You may remember John. The friendly bank manager. Well today I want to introduce Mike. There were 2 Mikes in the office. One became one of my closest pals for many years. The other didn’t. This is about the one who didn’t.
Mike R. was a decent man but the problem was the role he had – Administration Manager. This was the lowest graded managerial position in the bank. Mike was no spring chicken but he was probably younger than I am today. He may have had another job left in him, maybe not. So for the foreseeable future Mike ran the ship.
Why was the admin man so important? Well, in the 1970s banking and personal privacy were very different. As employees we were treated like small children. For a start it was forbidden to have a bank account at any bank other than the one that employed us. If a male employee wanted to get married under the age of 25 he needed permission.

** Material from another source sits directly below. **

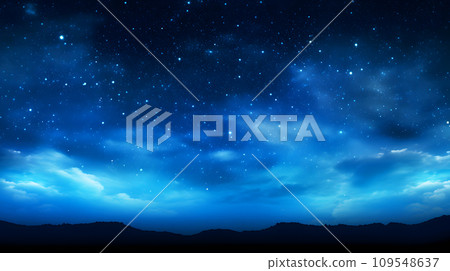 starry sky above the mountain 109548637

Need a mortgage? Well the bank decided whether the house you wanted to buy was ‘suitable’. You were not allowed to be ‘over-housed’ at the bank’s expense. Co-habit with a partner? No mortgage allowed. Mike was part of the approval chain for any applications.
Need a cheque book? Ask Mike. Under 18? Mike would consider whether you were mature enough to have one. One young lady, whose name was Christine, joined us at the age of about 16. She was a beautiful young woman and, dare I say, not the sharpest knife in the drawer. She was a cashier and therefore an ambassador for the bank. In the full glare of public scrutiny. She was a good cashier and the customers loved her. As did most of the men in the branch. She could not however manage her money and she occasionally did the unthinkable. She overdrew her account. This was strictly forbidden for staff and a disciplinary offence. So Mike had to sort the problem out. In the end he took her cheque book away. I am not sure whose heart was the heavier. After that if Christine wanted to issue a cheque she would go to Mike, he would consider whether the purpose was appropriate, whether she could afford it and then and only then if all tests were passed would he give her a cheque.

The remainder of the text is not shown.